WHAT THIS TASK INVOLVES: Copy the material below verbatim from the line with "Beachfront Sunrise Sands" to the line with "Big Life Suit Hotel", both lines included, omitting pictures and every line outside that range.

RECORDS PROVIDED:
----

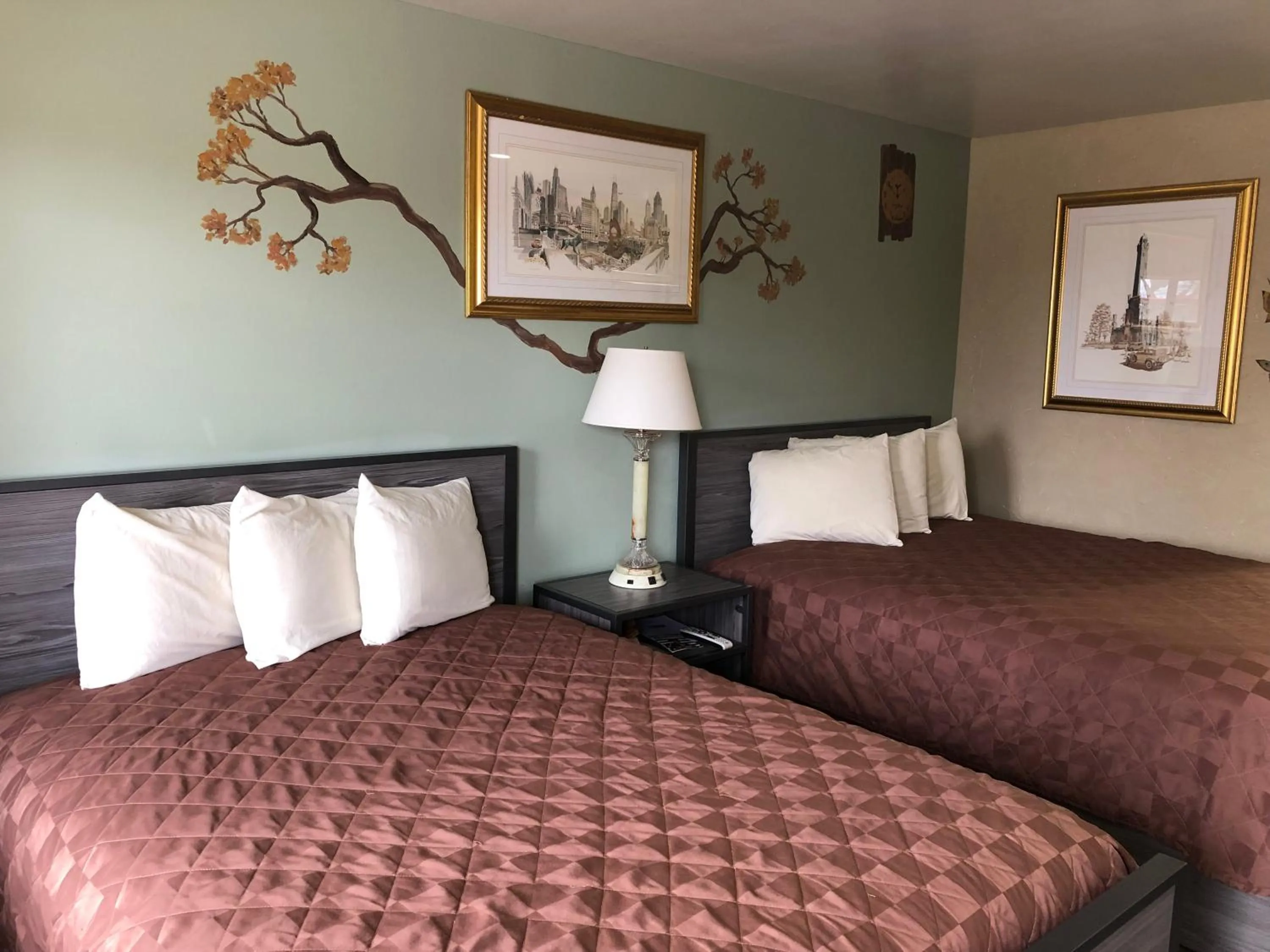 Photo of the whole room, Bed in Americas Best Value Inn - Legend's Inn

----

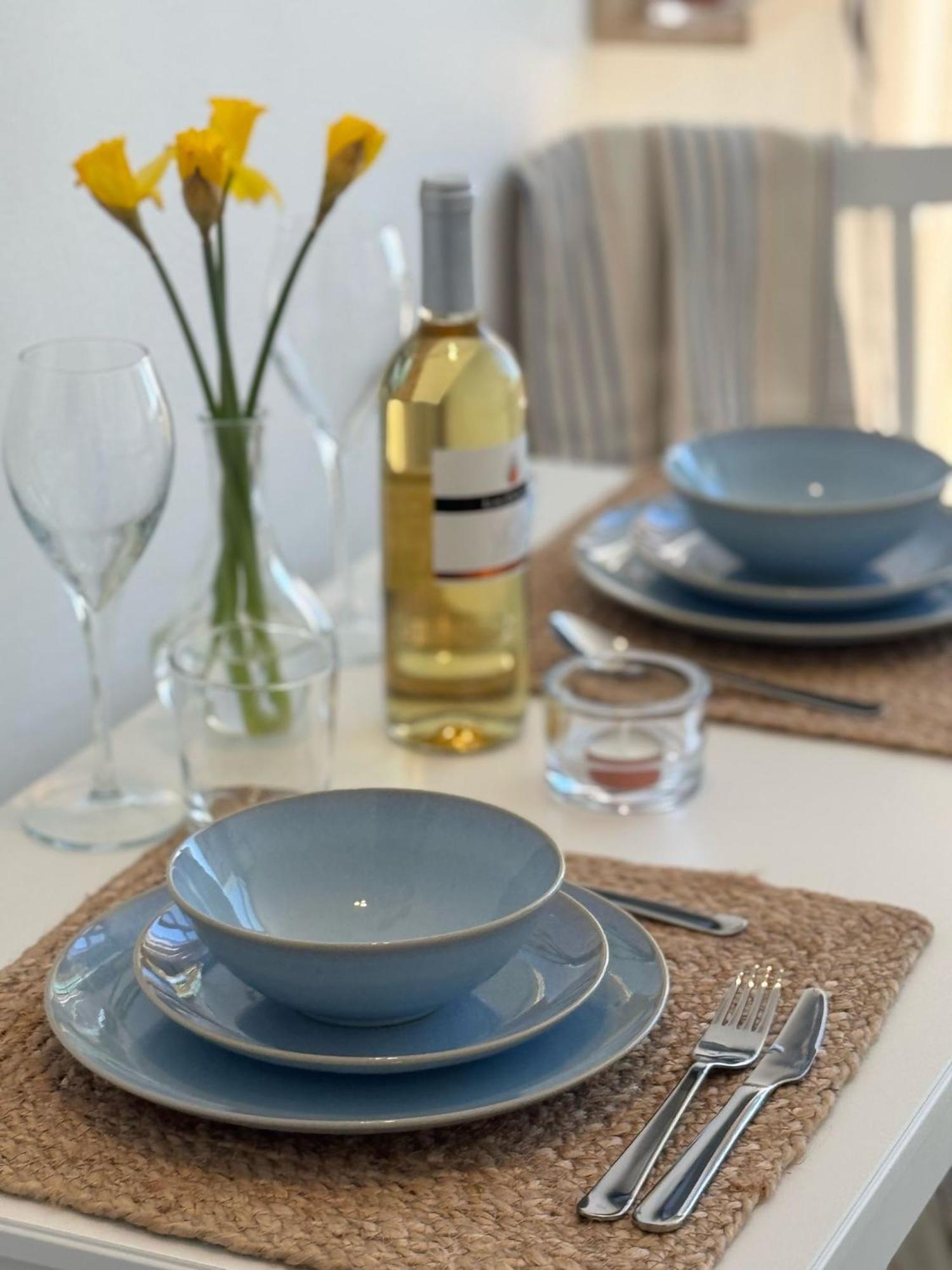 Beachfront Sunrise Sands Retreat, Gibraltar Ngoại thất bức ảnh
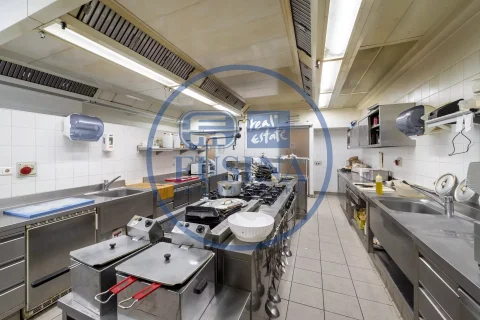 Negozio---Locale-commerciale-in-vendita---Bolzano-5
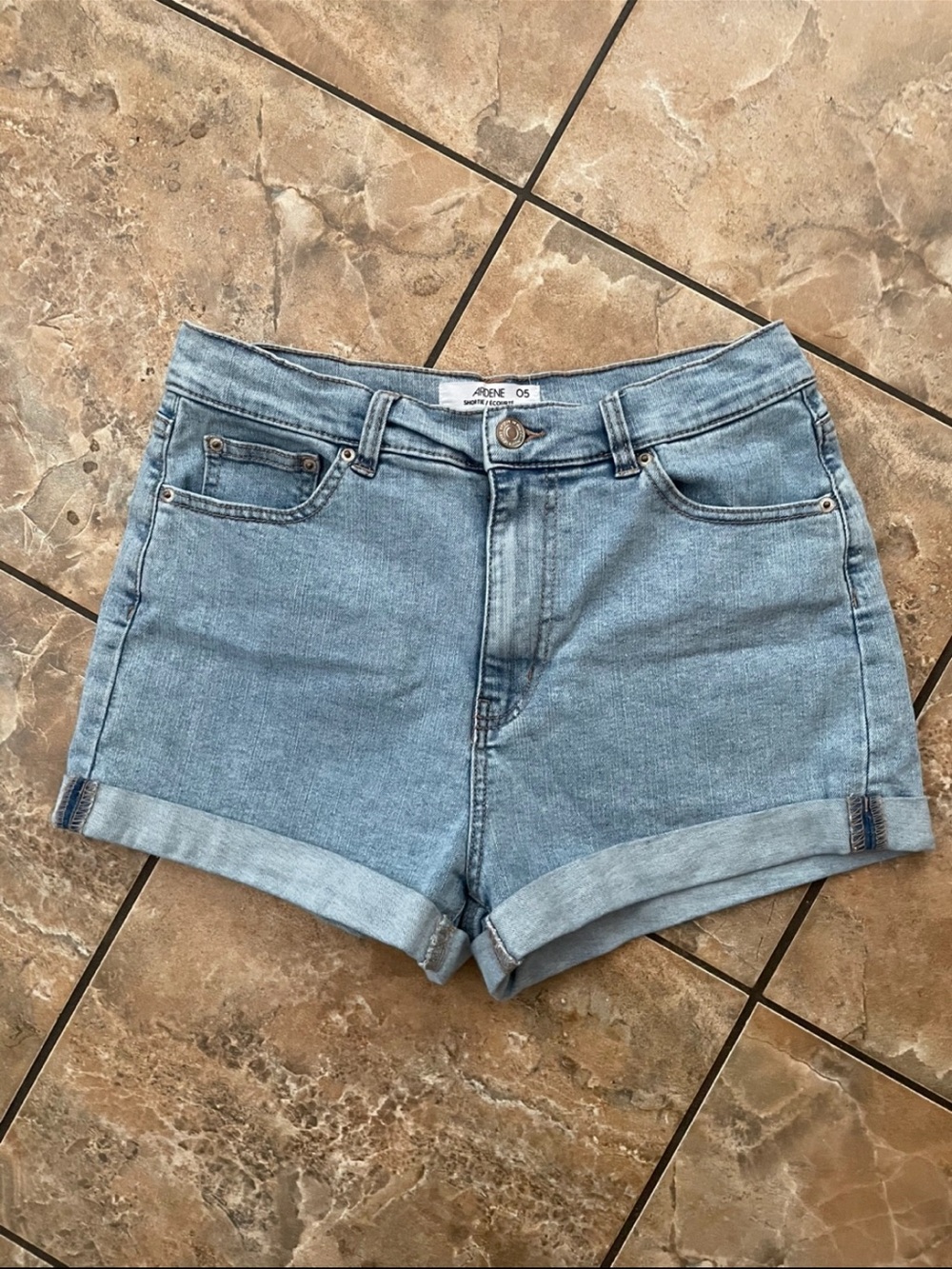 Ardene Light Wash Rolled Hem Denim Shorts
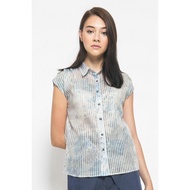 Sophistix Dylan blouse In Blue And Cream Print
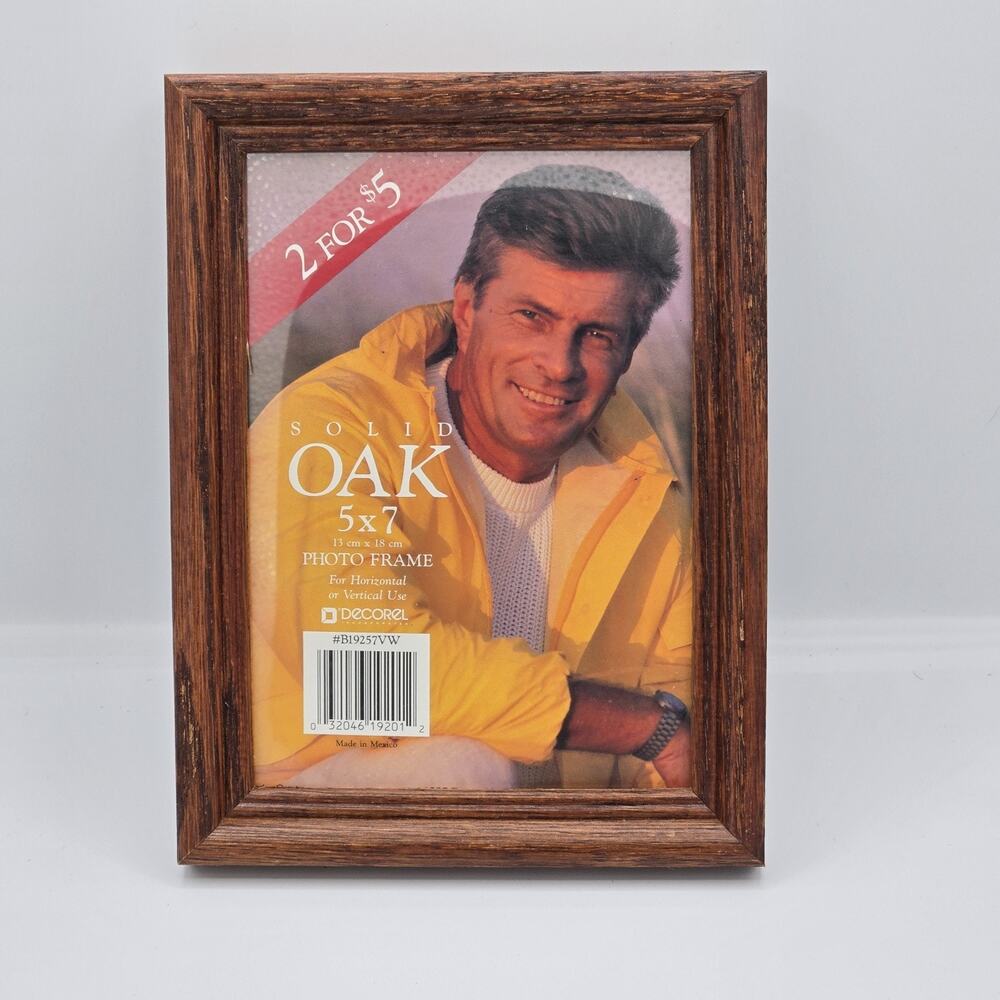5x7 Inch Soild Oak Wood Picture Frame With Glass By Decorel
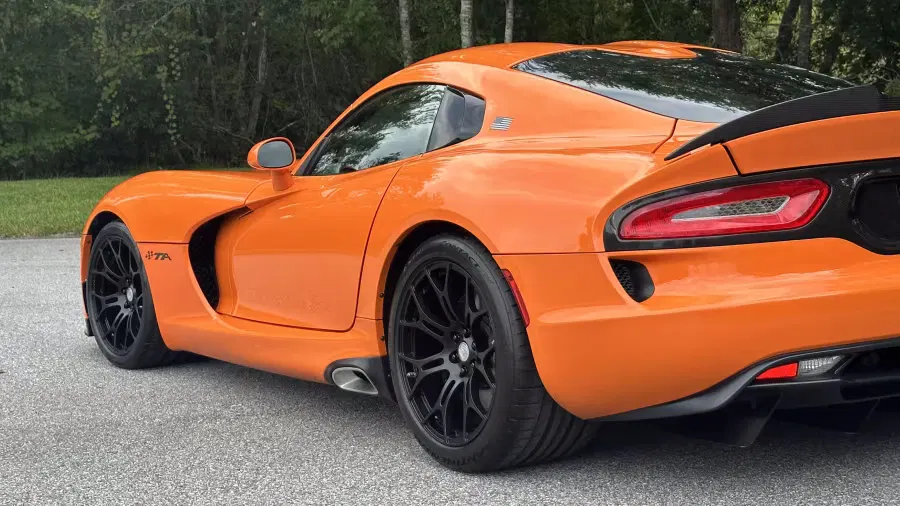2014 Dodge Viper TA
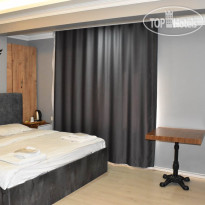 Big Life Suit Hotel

----

SOLUTION FOR THIS PROBLEM:
 Beachfront Sunrise Sands Retreat, Gibraltar Ngoại thất bức ảnh
 Negozio---Locale-commerciale-in-vendita---Bolzano-5
 Ardene Light Wash Rolled Hem Denim Shorts
 Sophistix Dylan blouse In Blue And Cream Print
5x7 Inch Soild Oak Wood Picture Frame With Glass By Decorel
2014 Dodge Viper TA
 Big Life Suit Hotel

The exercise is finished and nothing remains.